**WHAT TO DO:**
Among the lines of data below, reproduce only those from the one with "Presse Papier Styhle" through the one with "Set of 3: Sage", exactly as they stand, both ends included.

**RECORD EXCERPTS:**
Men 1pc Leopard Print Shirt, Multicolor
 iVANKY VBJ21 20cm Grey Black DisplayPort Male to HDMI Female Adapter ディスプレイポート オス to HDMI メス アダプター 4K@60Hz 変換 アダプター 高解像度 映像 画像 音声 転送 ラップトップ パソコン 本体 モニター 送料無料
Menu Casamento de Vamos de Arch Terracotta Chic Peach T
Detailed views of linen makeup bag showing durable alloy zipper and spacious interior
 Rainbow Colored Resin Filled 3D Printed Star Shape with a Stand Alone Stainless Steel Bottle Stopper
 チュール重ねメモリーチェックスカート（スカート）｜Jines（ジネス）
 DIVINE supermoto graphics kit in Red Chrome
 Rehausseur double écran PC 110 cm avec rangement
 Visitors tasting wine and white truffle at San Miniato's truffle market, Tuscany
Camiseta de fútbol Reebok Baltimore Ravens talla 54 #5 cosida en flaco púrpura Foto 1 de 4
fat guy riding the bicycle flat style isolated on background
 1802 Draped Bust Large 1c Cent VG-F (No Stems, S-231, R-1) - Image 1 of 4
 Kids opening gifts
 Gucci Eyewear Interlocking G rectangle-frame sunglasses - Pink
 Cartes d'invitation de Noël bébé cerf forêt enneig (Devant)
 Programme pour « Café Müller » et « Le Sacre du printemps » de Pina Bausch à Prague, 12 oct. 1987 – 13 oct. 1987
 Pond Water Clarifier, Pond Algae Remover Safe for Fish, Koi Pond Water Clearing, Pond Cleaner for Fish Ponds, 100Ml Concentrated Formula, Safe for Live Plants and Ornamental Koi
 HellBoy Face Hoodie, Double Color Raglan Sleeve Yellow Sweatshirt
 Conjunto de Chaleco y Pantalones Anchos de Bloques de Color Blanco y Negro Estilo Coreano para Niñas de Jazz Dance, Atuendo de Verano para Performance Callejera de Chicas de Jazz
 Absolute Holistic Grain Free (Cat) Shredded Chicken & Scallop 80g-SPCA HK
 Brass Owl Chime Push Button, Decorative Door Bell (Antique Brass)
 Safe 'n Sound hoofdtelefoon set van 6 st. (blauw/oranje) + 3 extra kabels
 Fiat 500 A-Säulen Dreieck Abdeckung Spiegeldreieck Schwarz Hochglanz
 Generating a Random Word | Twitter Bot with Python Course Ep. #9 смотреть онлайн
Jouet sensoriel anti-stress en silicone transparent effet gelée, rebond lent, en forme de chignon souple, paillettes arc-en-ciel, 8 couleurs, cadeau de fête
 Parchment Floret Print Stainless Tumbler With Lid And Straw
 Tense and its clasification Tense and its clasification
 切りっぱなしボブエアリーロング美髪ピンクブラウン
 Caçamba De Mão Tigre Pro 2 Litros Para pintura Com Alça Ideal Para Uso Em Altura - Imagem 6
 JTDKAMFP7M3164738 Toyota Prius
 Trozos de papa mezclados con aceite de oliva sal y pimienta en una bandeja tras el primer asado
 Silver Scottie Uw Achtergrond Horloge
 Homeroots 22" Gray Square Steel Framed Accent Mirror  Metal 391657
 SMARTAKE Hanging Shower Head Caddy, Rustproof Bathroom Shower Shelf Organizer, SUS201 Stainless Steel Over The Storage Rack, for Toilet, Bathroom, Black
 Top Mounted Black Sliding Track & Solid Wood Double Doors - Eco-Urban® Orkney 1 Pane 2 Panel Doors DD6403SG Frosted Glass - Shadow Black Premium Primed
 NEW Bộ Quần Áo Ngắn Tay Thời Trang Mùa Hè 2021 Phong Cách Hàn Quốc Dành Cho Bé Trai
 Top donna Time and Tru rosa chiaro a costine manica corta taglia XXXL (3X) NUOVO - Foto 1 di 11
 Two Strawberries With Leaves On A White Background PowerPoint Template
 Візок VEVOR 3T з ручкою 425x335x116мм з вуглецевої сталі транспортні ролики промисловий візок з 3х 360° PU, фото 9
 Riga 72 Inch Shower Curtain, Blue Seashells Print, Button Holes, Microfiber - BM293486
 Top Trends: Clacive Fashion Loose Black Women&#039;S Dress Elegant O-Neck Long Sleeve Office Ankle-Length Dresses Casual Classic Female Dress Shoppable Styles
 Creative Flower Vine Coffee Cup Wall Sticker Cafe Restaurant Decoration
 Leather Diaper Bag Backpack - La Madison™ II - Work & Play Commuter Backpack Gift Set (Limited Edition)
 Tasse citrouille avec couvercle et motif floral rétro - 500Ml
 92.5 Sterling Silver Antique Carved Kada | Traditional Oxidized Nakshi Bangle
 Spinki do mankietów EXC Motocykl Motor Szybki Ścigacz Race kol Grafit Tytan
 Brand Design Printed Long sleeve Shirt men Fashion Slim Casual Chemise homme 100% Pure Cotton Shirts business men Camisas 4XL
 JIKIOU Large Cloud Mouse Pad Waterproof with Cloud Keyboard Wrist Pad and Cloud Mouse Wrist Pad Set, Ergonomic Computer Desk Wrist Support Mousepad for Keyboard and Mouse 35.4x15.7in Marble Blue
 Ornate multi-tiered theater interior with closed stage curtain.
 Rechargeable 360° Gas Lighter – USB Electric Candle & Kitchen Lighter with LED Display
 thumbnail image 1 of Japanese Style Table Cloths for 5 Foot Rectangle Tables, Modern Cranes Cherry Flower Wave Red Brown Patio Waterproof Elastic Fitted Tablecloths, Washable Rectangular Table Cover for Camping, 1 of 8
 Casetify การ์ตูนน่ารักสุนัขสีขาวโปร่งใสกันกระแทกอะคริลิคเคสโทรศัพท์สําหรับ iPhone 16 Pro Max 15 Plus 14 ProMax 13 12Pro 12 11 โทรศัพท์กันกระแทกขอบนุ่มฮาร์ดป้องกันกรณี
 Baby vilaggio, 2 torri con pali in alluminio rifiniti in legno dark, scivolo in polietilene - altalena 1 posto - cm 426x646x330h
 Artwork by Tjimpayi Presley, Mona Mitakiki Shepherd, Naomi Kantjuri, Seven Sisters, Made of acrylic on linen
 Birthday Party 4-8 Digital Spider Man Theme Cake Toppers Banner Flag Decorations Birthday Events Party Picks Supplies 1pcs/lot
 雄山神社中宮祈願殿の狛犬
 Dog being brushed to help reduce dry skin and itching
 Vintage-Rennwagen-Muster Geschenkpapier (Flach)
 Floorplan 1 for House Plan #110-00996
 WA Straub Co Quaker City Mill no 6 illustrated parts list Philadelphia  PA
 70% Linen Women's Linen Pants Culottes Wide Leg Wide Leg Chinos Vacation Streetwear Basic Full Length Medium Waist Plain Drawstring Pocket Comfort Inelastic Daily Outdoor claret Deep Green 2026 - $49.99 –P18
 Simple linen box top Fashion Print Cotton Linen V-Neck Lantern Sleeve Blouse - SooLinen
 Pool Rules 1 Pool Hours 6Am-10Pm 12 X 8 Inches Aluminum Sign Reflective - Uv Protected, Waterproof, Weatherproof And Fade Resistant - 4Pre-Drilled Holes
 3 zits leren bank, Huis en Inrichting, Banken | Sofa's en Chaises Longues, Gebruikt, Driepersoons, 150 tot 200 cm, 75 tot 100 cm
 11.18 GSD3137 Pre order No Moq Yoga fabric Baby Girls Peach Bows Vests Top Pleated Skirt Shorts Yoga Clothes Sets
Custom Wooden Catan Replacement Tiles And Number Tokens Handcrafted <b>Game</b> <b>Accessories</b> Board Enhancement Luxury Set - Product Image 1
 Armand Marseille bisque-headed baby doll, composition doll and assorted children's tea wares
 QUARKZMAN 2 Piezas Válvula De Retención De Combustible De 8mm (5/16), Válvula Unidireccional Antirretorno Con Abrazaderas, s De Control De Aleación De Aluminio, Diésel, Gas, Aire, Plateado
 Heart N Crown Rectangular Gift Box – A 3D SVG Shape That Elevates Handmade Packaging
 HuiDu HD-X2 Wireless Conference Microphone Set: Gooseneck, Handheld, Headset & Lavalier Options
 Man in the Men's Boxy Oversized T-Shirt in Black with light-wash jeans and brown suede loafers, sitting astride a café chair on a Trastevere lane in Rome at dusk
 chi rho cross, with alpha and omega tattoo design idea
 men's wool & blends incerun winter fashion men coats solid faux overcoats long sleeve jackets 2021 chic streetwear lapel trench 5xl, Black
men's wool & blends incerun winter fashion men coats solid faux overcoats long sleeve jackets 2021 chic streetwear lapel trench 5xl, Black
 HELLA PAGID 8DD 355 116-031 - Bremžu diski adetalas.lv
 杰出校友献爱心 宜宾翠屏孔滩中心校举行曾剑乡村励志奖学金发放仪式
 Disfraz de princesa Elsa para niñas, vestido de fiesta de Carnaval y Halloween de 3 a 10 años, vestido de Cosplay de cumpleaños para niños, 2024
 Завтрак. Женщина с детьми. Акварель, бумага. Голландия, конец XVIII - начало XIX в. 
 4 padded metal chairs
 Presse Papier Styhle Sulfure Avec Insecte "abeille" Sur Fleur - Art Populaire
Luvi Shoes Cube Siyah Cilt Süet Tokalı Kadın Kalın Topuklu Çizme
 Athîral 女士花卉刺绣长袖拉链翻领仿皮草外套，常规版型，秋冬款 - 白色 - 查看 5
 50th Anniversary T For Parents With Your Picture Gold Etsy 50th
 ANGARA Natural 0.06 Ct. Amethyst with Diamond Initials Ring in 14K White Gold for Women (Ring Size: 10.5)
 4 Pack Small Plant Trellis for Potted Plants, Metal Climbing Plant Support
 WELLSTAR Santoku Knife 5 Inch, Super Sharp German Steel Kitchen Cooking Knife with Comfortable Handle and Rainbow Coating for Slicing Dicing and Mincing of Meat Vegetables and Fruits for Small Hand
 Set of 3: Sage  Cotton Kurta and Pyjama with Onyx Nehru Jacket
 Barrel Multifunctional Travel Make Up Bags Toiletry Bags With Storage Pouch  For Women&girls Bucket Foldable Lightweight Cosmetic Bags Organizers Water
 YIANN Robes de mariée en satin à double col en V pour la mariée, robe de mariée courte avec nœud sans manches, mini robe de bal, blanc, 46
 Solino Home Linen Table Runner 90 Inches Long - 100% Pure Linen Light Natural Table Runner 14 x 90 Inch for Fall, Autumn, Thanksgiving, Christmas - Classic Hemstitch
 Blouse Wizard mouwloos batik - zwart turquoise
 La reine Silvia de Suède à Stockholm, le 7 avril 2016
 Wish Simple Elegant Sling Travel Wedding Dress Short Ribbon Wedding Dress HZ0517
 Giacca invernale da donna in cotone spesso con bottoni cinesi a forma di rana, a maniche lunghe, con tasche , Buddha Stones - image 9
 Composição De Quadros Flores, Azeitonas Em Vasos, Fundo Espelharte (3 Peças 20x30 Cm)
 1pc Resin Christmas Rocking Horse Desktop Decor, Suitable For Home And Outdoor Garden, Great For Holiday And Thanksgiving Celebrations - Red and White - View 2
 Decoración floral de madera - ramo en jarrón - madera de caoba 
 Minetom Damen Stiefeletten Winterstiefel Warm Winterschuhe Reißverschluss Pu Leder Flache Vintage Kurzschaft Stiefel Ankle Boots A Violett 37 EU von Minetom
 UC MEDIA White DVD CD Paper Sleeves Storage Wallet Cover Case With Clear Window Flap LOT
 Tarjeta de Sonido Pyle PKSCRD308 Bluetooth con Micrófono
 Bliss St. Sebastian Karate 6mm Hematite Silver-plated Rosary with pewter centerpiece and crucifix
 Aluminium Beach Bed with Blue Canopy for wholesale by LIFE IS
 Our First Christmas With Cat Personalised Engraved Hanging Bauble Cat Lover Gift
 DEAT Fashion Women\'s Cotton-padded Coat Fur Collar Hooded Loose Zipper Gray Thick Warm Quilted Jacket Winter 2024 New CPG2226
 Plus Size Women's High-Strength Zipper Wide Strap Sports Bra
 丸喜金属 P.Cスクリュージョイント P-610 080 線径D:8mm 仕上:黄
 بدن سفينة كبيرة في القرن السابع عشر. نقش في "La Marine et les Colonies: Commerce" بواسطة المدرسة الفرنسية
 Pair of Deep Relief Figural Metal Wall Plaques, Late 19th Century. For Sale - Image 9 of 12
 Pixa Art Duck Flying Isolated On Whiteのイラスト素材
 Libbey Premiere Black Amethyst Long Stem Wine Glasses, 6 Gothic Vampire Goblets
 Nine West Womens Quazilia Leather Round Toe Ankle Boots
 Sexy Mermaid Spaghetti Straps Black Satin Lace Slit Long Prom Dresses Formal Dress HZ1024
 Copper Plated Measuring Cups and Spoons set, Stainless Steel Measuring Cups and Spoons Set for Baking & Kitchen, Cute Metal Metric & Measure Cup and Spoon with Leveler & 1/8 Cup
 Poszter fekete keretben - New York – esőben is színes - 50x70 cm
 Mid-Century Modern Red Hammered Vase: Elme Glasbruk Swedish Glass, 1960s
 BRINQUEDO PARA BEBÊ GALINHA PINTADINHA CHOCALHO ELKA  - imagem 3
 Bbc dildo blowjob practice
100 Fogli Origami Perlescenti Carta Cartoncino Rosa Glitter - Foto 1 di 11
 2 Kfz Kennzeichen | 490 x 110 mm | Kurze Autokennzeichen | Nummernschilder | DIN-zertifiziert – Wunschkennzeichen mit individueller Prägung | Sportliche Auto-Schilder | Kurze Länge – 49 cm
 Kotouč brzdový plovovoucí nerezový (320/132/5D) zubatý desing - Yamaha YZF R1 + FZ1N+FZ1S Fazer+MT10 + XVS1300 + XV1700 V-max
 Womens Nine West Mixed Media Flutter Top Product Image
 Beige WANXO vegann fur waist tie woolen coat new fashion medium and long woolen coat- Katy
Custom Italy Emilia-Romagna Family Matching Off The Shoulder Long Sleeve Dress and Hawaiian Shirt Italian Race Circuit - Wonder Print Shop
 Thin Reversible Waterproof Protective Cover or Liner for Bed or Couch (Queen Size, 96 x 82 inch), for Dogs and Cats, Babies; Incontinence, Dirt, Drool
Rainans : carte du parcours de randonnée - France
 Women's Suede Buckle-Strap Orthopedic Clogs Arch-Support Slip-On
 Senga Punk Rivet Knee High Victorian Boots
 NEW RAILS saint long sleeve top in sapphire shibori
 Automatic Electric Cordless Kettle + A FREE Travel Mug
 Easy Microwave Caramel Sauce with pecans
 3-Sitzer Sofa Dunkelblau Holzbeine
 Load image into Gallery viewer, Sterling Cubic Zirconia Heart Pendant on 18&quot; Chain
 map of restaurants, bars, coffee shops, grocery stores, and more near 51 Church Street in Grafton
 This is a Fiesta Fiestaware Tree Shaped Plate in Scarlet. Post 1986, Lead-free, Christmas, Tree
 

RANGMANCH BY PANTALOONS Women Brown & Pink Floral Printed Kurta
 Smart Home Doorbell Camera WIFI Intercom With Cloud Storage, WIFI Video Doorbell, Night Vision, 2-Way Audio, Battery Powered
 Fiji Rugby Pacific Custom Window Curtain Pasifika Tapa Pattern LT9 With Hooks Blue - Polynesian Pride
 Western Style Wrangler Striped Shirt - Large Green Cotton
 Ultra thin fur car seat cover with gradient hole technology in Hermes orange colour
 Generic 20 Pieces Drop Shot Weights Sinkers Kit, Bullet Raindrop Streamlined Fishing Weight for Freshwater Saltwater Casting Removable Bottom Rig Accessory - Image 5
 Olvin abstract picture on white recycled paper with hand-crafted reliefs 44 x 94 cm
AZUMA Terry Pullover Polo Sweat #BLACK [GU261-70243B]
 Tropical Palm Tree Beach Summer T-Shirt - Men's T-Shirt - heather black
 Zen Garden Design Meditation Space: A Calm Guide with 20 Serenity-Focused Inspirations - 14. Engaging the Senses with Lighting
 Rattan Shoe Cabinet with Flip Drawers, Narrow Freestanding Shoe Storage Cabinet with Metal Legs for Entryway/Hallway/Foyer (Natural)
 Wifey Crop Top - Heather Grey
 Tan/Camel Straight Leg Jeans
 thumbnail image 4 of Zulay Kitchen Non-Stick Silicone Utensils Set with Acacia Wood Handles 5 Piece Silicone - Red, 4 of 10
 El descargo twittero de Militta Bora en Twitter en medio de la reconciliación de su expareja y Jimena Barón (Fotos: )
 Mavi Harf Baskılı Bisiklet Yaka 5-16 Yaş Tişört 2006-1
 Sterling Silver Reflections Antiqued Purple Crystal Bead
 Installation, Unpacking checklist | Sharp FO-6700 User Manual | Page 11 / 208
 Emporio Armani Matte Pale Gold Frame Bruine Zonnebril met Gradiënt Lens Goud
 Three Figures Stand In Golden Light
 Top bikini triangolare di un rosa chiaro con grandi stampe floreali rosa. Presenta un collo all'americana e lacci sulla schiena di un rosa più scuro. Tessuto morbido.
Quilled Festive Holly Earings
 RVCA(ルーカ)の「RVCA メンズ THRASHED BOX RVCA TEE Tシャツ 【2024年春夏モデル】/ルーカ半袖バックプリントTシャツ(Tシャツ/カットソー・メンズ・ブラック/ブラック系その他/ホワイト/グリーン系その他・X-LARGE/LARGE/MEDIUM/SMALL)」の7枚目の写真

**OUTPUT:**
 Presse Papier Styhle Sulfure Avec Insecte "abeille" Sur Fleur - Art Populaire
Luvi Shoes Cube Siyah Cilt Süet Tokalı Kadın Kalın Topuklu Çizme
 Athîral 女士花卉刺绣长袖拉链翻领仿皮草外套，常规版型，秋冬款 - 白色 - 查看 5
 50th Anniversary T For Parents With Your Picture Gold Etsy 50th
 ANGARA Natural 0.06 Ct. Amethyst with Diamond Initials Ring in 14K White Gold for Women (Ring Size: 10.5)
 4 Pack Small Plant Trellis for Potted Plants, Metal Climbing Plant Support
 WELLSTAR Santoku Knife 5 Inch, Super Sharp German Steel Kitchen Cooking Knife with Comfortable Handle and Rainbow Coating for Slicing Dicing and Mincing of Meat Vegetables and Fruits for Small Hand
 Set of 3: Sage  Cotton Kurta and Pyjama with Onyx Nehru Jacket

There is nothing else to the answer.